> **How to complete this task**
At the line that holds "8660 Granville Ave #107 — Photo 7", start repeating, and keep going exactly through the final line of the material; include both ends and skip the pictures.

> **Data shown**
§

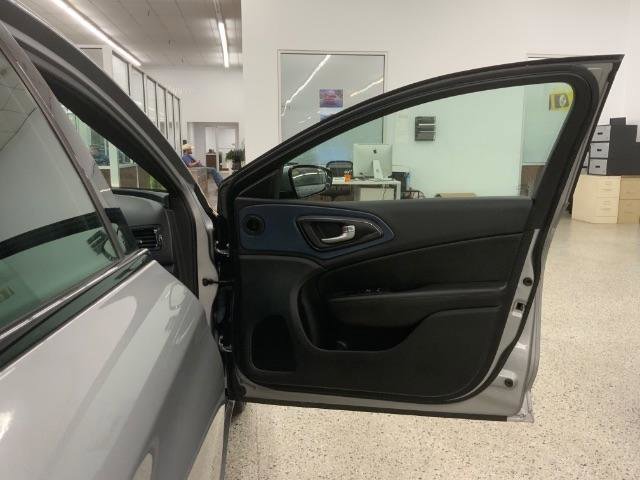 Used 2016 Chrysler 200 S image 26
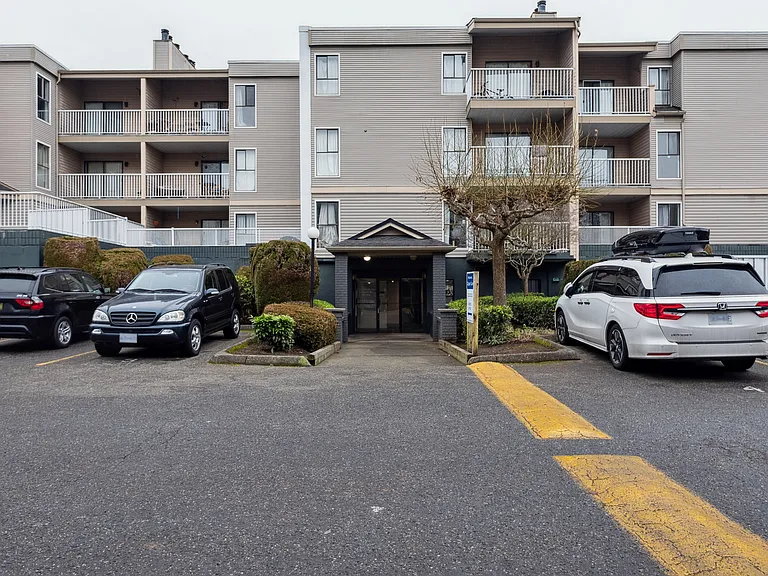 8660 Granville Ave #107 — Photo 7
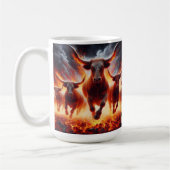 Bullen, die sich durch eine zwielichtige Landschaf Kaffeetasse (Links)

§

> **Solved exercise**
 8660 Granville Ave #107 — Photo 7
 Bullen, die sich durch eine zwielichtige Landschaf Kaffeetasse (Links)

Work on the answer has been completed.